As sociedades empresarias, assim tratadas pelo Código Civil em seu artigo 44, II,[1] gozam de personalidade jurídica que não se confunde com a de seus sócios. Nas sociedades limitadas, a responsabilidade de cada um de seus sócios é restrita ao valor de suas quotas, na forma do artigo 1052 do Código Civil[2].
É possível, entretanto, que a Lei determine casos excepcionais em que haja desvio de finalidade ou confusão patrimonial, entre outros, que seja desconsiderada a personalidade jurídica para que determinada obrigação possa incidir em face da pessoa física do próprio sócio e, consequentemente, sobre seu patrimônio[3]. Assim, a pessoa física do sócio pode, uma vez havendo a desconsideração da personalidade jurídica, responder pelas obrigações contraídas pela sociedade limitada, nos moldes do artigo acima referido.
O sócio pode, na forma da lei e do contrato social da sociedade, transferir suas cotas a terceiros, total ou parcialmente, mas continua, por dois anos, solidariamente responsável ao sócio que o sucedeu, perante a sociedade e terceiros, pelas obrigações que tinha como sócio[4]. Assim, poder-se-ia concluir que o sócio que se retira da sociedade responderia pelas obrigações desta por até dois anos de sua saída, e em consequência, em caso de desconsideração de personalidade jurídica, poderia substituir a sociedade em ação judicial em face da sociedade, se presentes os requisitos da desconsideração, não havendo qualquer questionamento quanto a este tema.
Entretanto, o Superior Tribunal de Justiça (STJ), ao analisar a questão através do Recurso Especial de n.º 1.537.521, entendeu que o ex-sócio não é responsável por obrigações contraídas após sua saída da empresa.
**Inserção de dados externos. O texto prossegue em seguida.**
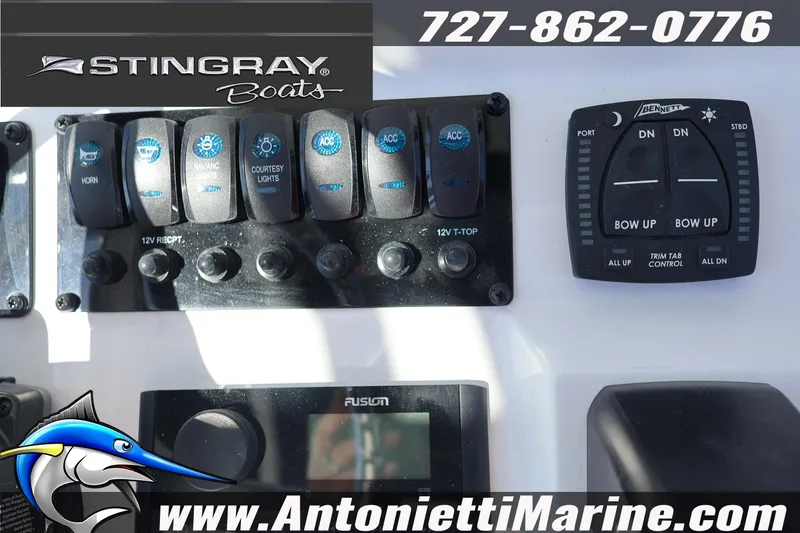 Slide: The Image of Control panel of a 2026 Stingray 216 CC boat with switches and trim tab controls. - 15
Com este entendimento, a Terceira Turma do STJ, através do Ministro Villas Bôas Cueva, entendeu que “a interpretação dos dispositivos legais transcritos[5] conduz à conclusão de que, na hipótese de cessão de cotas sociais, a responsabilidade do cedente pelo prazo de até dois anos após a averbação da modificação contratual restringe-se às obrigações sociais contraídas no período em que ele ainda ostentava a qualidade de sócio, ou seja, antes da sua retirada da sociedade”.
Em seu voto, o Ministro ainda ressaltou que “as obrigações que são objeto do processo de execução se referem a momento posterior à retirada do recorrente da sociedade, com a devida averbação, motivo pelo qual ele é parte ilegítima para responder por tal débito”.
Desta forma, vê-se que não basta, para a responsabilização do sócio que se retira da sociedade, o aspecto do lapso temporal de dois anos; deve-se verificar se os atos os quais geraram a obrigação da qual resulta a desconsideração da personalidade jurídica foram praticados quando o sócio cedente ainda pertencia à sociedade.
O entendimento acima acaba por trazer uma situação de justiça em relação às obrigações do ex-sócio que se retira da sociedade em nada contribui para que seja gerada obrigação oriunda de inadimplemento de obrigações por parte da sociedade, não ocasionando, em consequência, qualquer penalidade à pessoa física para a constituição de novas sociedades empresárias e demais obrigações em seu nome.
[1]Art. 44. São pessoas jurídicas de direito privado:
II – as sociedades;
[2]Art. 1.052. Na sociedade limitada, a responsabilidade de cada sócio é restrita ao valor de suas quotas, mas todos respondem solidariamente pela integralização do capital social.
[3]Art. 50. Em caso de abuso da personalidade jurídica, caracterizado pelo desvio de finalidade, ou pela confusão patrimonial, pode o juiz decidir, a requerimento da parte, ou do Ministério Público quando lhe couber intervir no processo, que os efeitos de certas e determinadas relações de obrigações sejam estendidos aos bens particulares dos administradores ou sócios da pessoa jurídica.
[4]Art. 1.003. A cessão total ou parcial de quota, sem a correspondente modificação do contrato social com o consentimento dos demais sócios, não terá eficácia quanto a estes e à sociedade.
Parágrafo único. Até dois anos depois de averbada a modificação do contrato, responde o cedente solidariamente com o cessionário, perante a sociedade e terceiros, pelas obrigações que tinha como sócio.